The histogram equalization process in a noisy image begins with a smoothing step aimed at reducing abrupt intensity fluctuations caused by noise, particularly salt-and-pepper noise. In this stage, smoothing filters — most commonly the Median Filter — are applied to attenuate noise while preserving edges and important structural details. The median filter replaces each pixel with the median of the values in its neighborhood, defined by a square mask (e.g., 3×3, 5×5, 7×7). The mask values are sorted, and the central value is assigned to the corresponding pixel.

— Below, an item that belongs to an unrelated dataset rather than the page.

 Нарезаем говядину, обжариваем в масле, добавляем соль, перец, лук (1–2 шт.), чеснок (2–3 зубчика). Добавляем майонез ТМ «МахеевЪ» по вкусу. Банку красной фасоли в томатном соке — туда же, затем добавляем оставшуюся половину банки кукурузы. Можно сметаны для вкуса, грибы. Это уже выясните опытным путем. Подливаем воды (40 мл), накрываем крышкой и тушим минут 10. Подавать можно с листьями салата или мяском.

After smoothing, the image is converted to Grayscale, since histogram equalization is defined for single-channel intensity images. This conversion is performed using a weighted combination of the RGB channels, assigning greater weight to green, followed by red and blue.

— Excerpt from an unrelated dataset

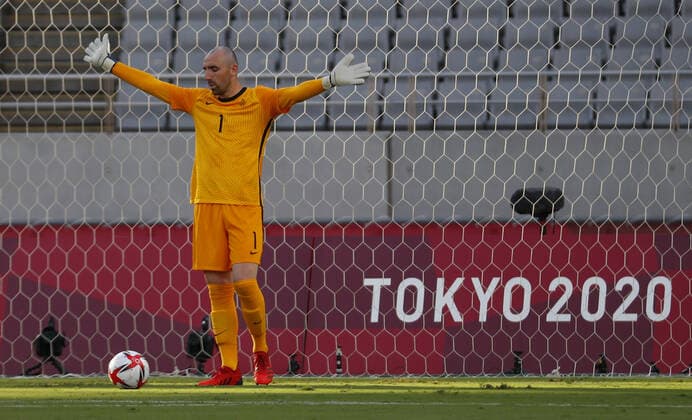 France goalkeeper Paul Bernardoni (1) gestures to his team during a Men s Group A football match against Mexico at the Tokyo Summer Olympic Games, Olympische Spiele, Olympia, OS in Tokyo, Japan, on Thursday July 22, 2021.  OLY20210722627k BOBxSTRONG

Next, histogram equalization is performed to enhance contrast. First, the histogram of intensity levels (0–255) is computed. Then, its Cumulative Distribution Function (CDF) is obtained and normalized to the 0–255 range, generating a mapping that reassigns each original intensity to a new value. Applying this mapping to all pixels produces the equalized image.
Comparison of the image Before and After applying Histogram Equalization (using a 5×5 square mask for noise reduction).
- Apply N×N Median Filter (histogram‑based median per pixel).
- Convert filtered image to Grayscale with weights R=0.299, G=0.587, B=0.114.
- Build 256‑bin histogram, compute CDF, normalize to [0..255], remap pixels.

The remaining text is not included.